Start of LISTED ENTRIES
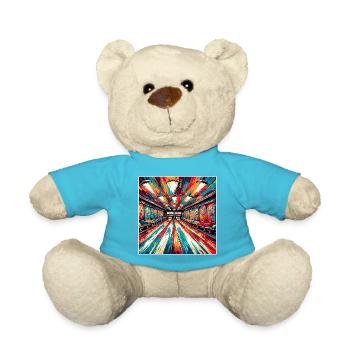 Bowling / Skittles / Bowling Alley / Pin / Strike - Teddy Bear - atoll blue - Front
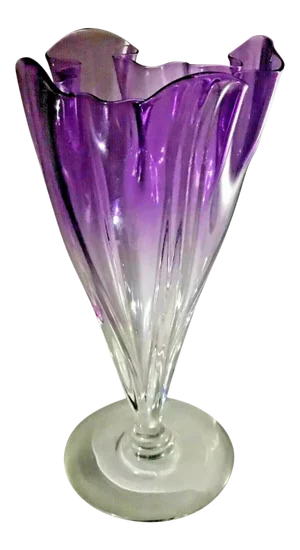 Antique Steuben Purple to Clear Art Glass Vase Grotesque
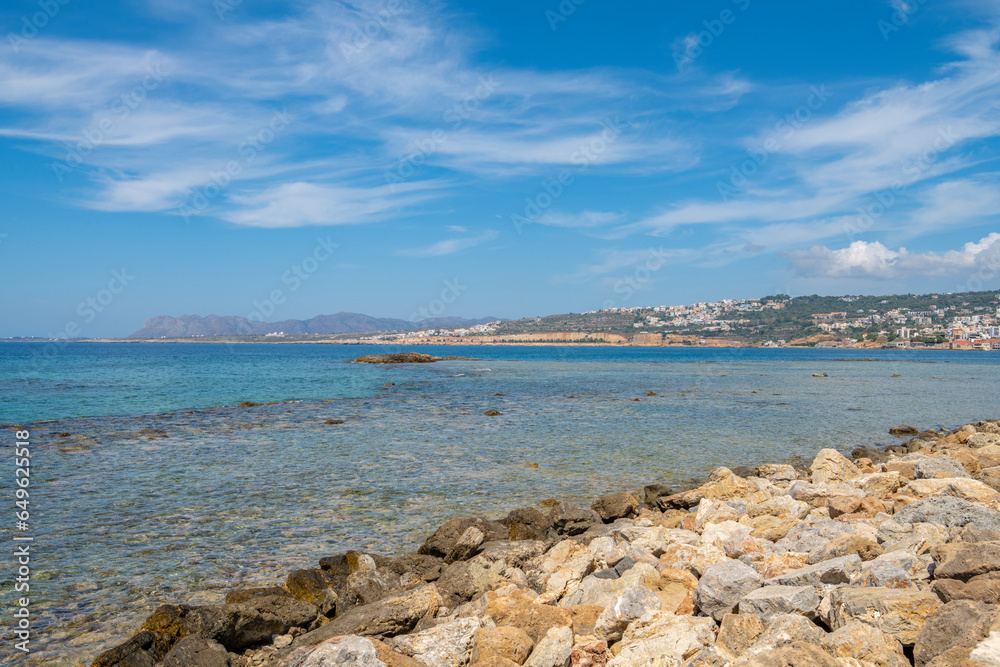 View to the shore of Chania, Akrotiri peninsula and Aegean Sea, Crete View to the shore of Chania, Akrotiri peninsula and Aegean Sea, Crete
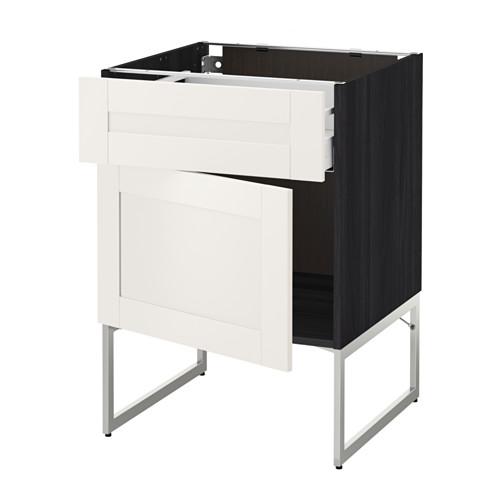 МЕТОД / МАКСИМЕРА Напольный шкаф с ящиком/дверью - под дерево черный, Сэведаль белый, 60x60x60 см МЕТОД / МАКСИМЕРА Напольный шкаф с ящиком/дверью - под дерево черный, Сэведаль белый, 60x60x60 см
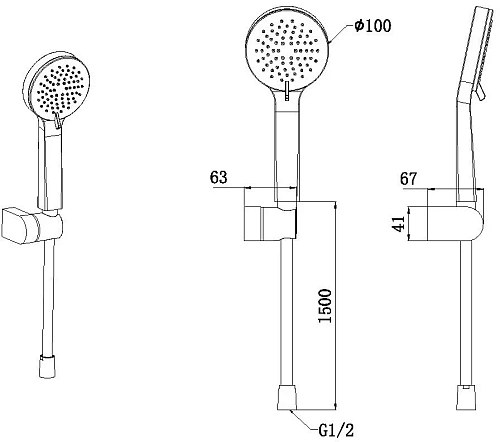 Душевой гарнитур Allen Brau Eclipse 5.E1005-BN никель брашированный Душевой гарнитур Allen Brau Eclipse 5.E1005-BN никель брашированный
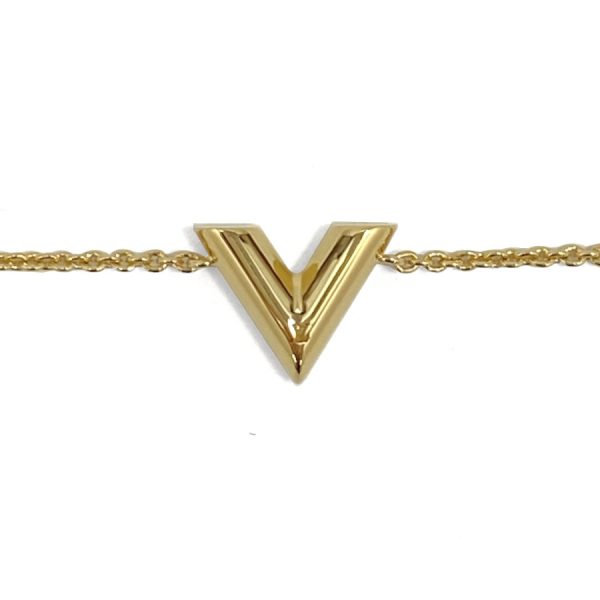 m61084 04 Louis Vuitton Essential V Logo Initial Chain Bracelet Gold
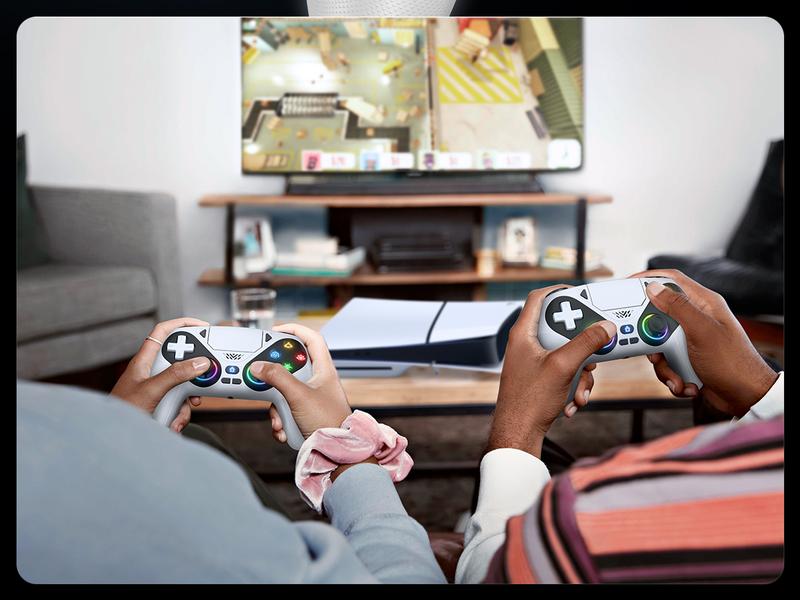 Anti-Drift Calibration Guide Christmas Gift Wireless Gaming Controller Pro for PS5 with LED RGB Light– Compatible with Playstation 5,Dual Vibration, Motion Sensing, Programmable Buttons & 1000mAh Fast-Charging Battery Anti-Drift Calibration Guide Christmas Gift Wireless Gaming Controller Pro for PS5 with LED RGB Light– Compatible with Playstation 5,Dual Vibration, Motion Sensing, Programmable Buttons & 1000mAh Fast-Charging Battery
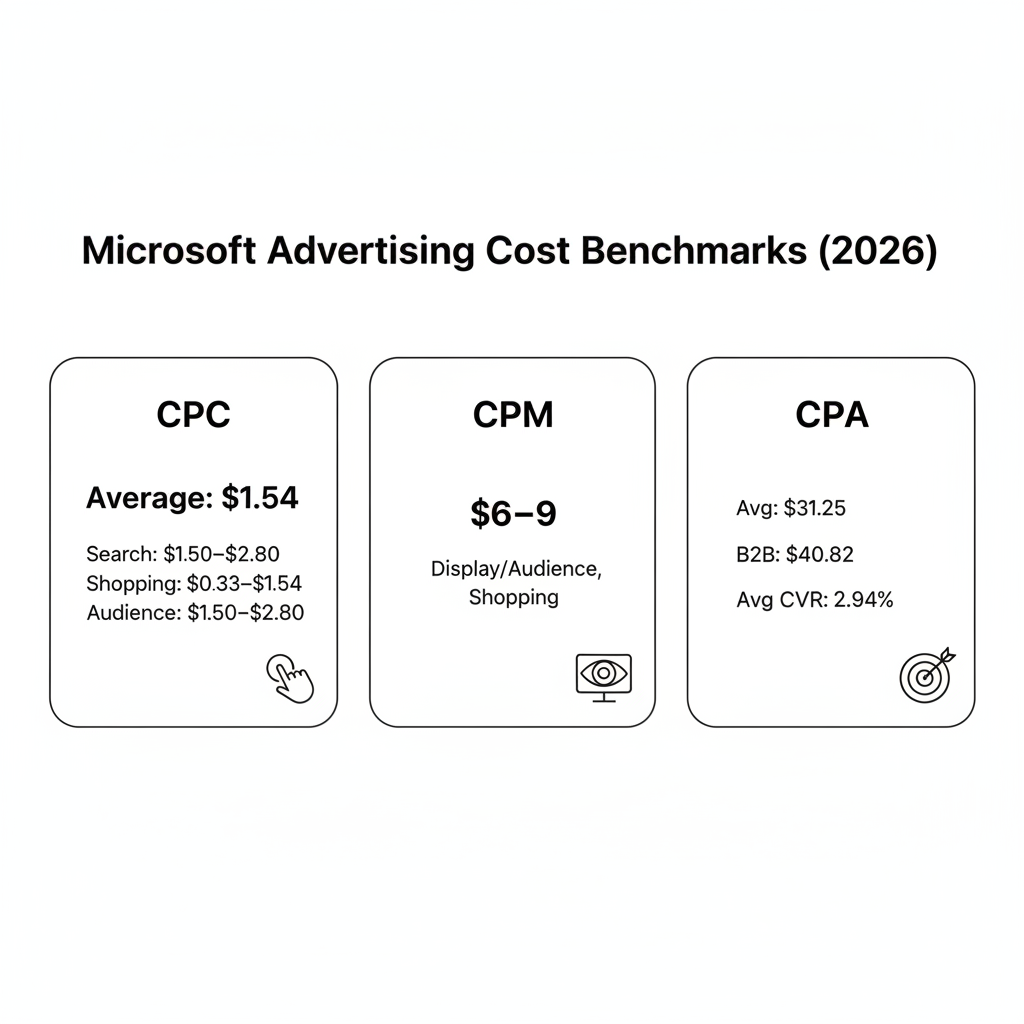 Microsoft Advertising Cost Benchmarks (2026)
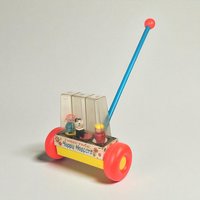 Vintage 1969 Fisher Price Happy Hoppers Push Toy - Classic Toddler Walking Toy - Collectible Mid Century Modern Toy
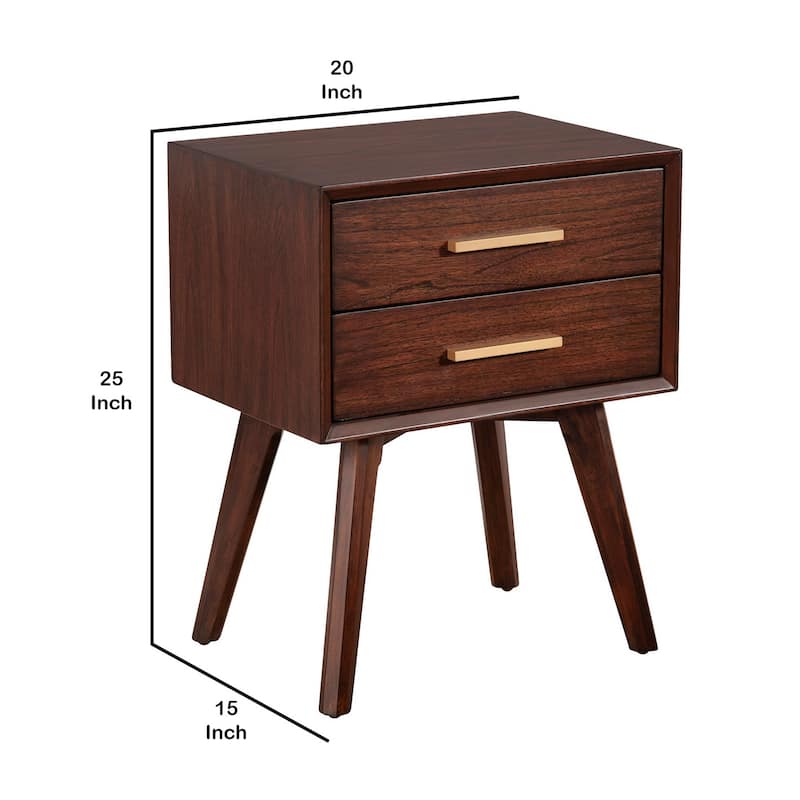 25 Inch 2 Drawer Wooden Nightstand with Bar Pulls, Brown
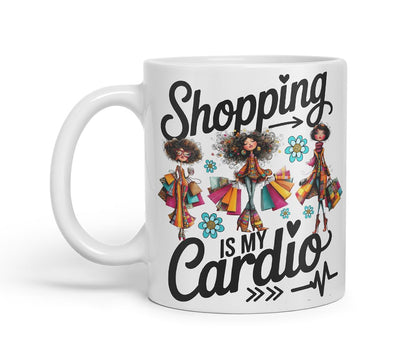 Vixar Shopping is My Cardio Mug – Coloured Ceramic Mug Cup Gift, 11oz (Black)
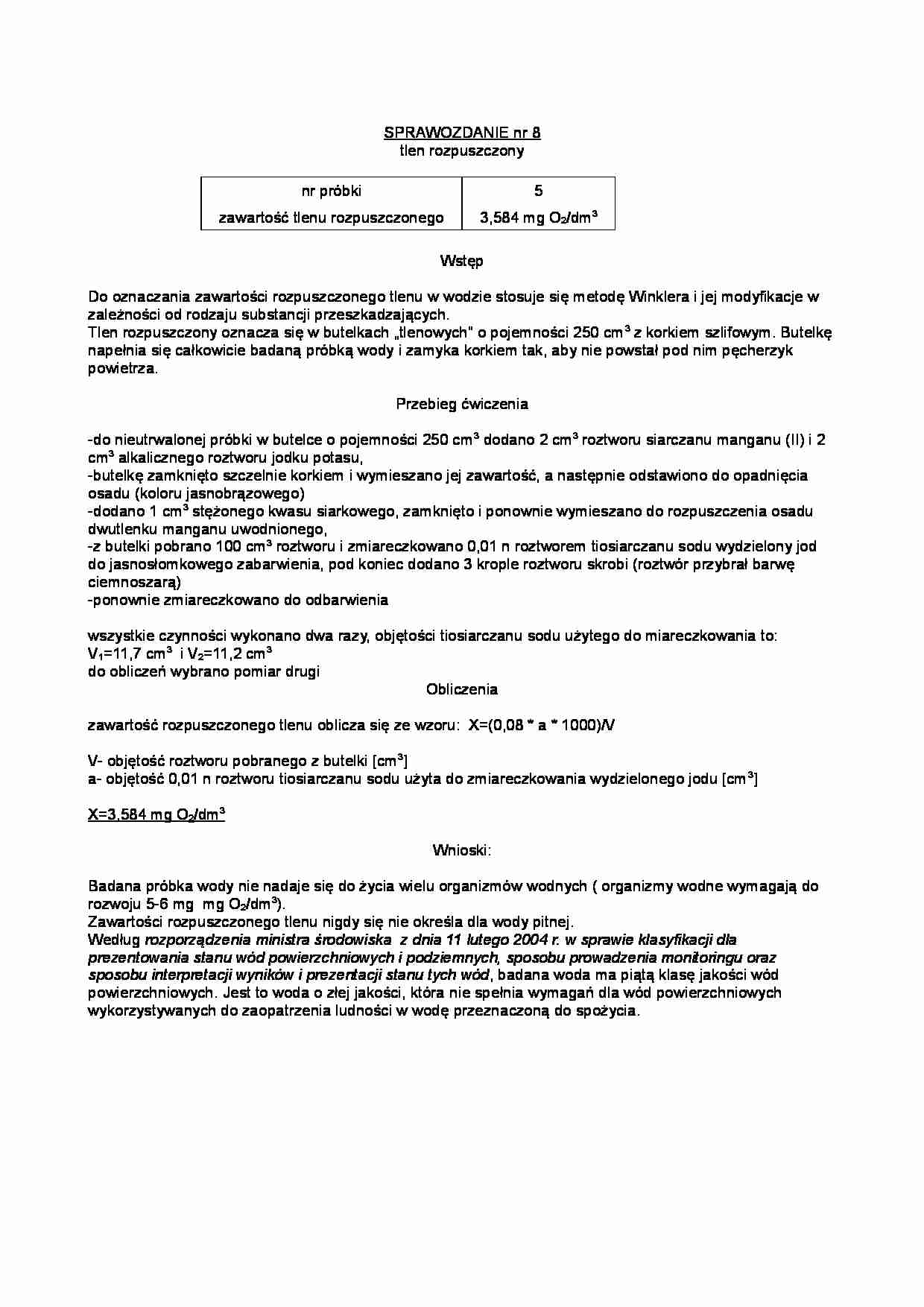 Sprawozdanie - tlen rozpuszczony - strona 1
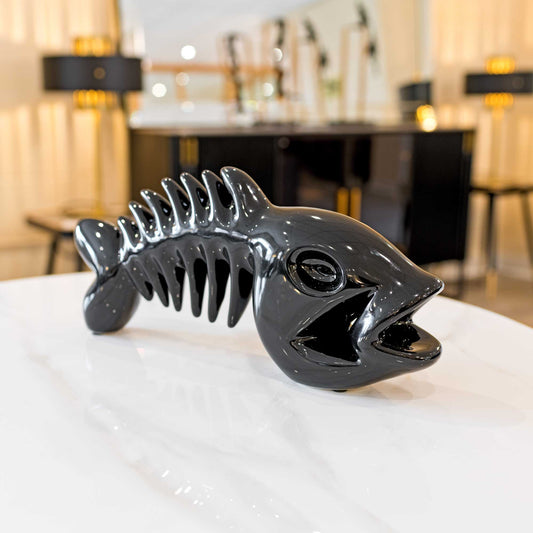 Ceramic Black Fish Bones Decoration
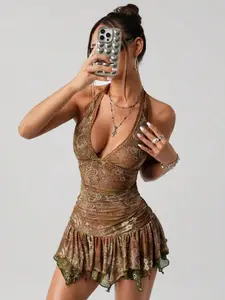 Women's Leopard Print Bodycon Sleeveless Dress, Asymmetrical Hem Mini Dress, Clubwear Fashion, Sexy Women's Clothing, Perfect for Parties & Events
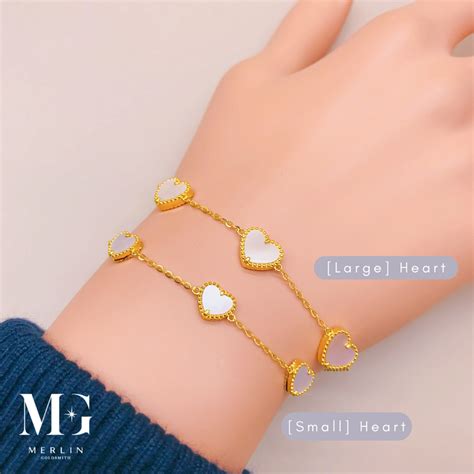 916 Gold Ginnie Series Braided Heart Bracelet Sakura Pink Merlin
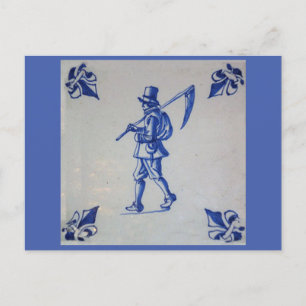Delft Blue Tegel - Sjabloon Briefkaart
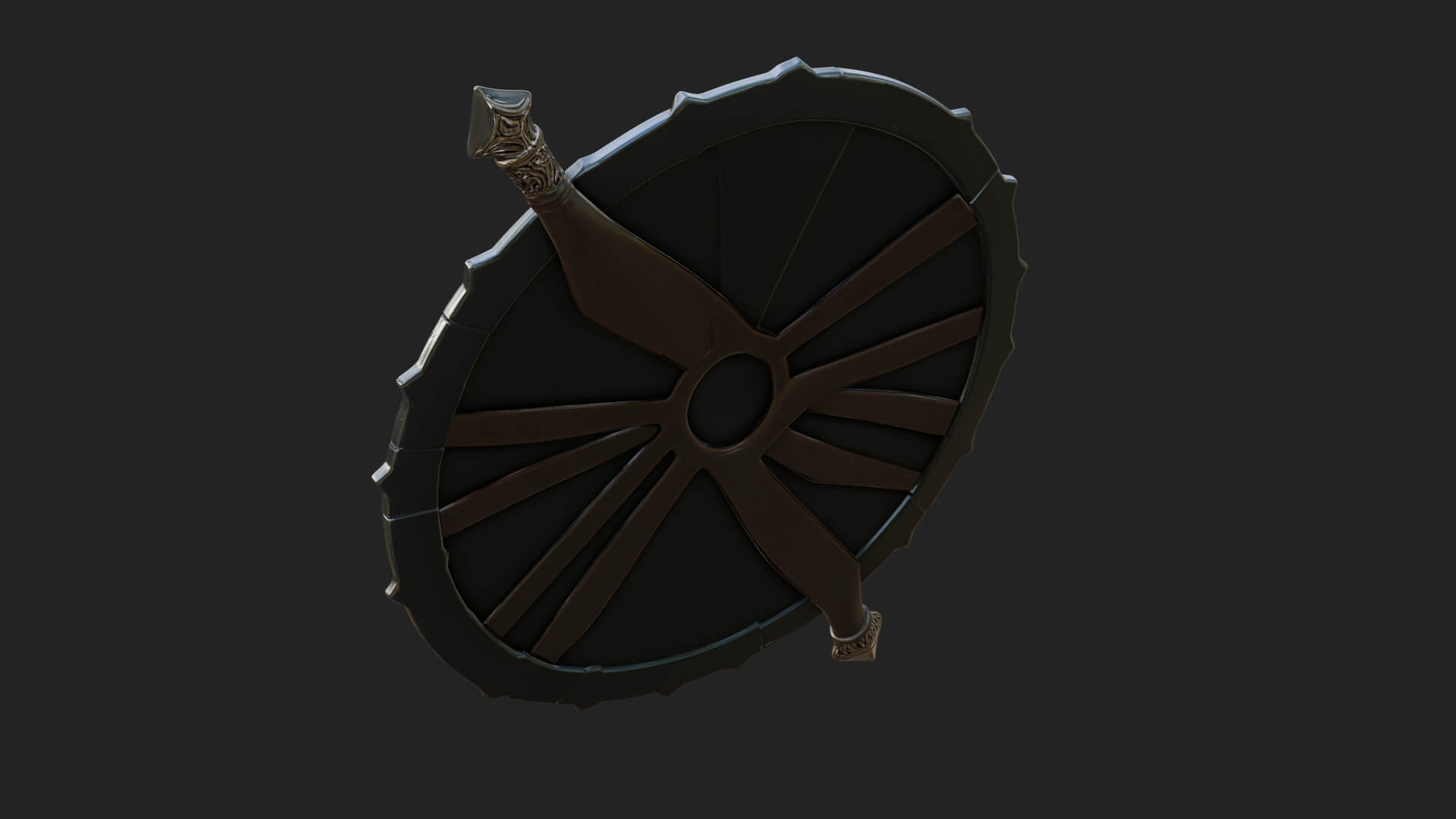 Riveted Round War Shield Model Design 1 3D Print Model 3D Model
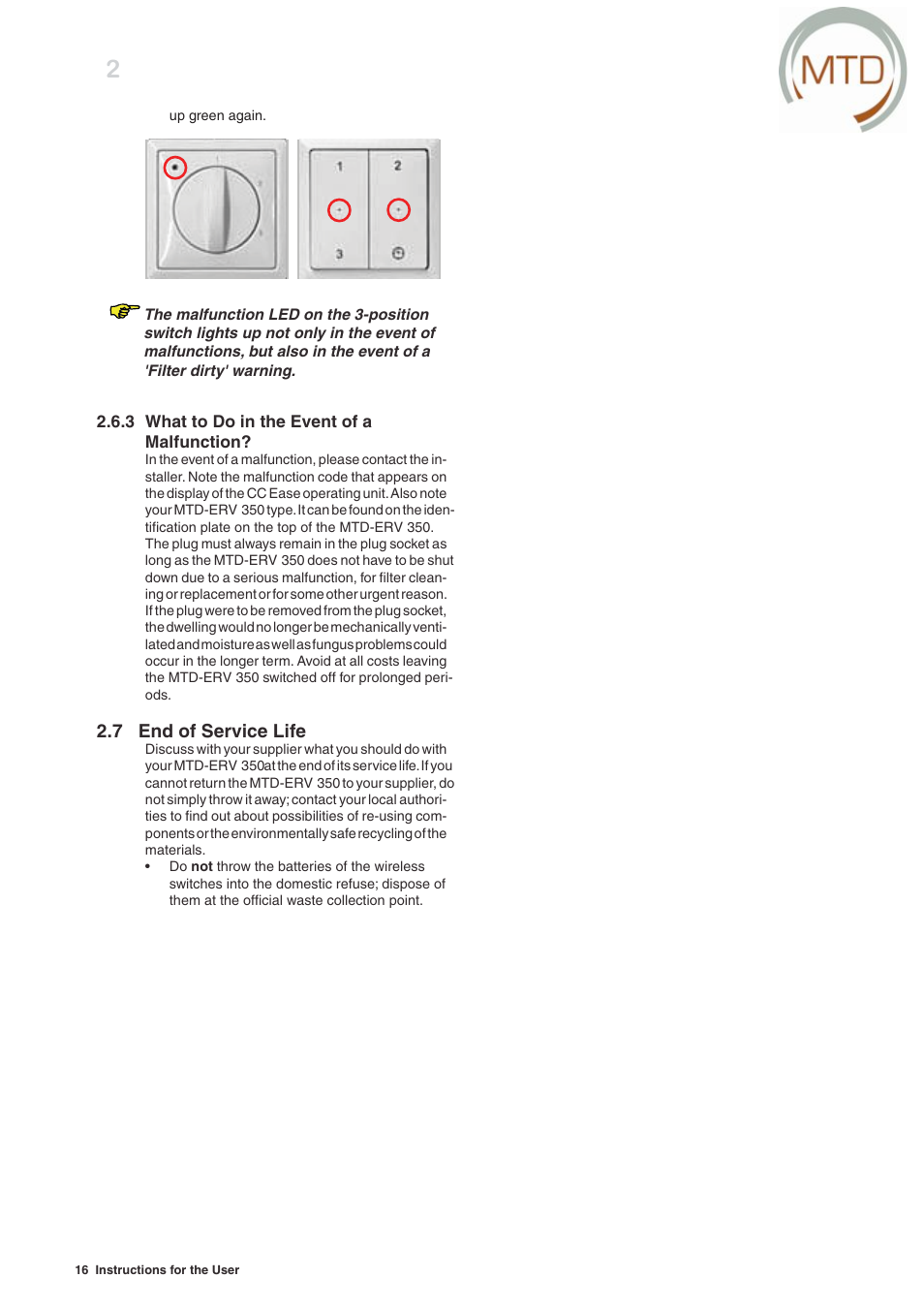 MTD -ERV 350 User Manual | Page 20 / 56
End of LISTED ENTRIES
# WHAT YOU NEED TO DO:
In the listing above, find the line containing "Sprawozdanie - tlen rozpuszczony - strona 1" and restate it and every later line verbatim, with the pictures left out.

# THE ANSWER:
 Sprawozdanie - tlen rozpuszczony - strona 1
 Ceramic Black Fish Bones Decoration
 Women's Leopard Print Bodycon Sleeveless Dress, Asymmetrical Hem Mini Dress, Clubwear Fashion, Sexy Women's Clothing, Perfect for Parties & Events
 916 Gold Ginnie Series Braided Heart Bracelet Sakura Pink Merlin
Delft Blue Tegel - Sjabloon Briefkaart
 Riveted Round War Shield Model Design 1 3D Print Model 3D Model
 MTD -ERV 350 User Manual | Page 20 / 56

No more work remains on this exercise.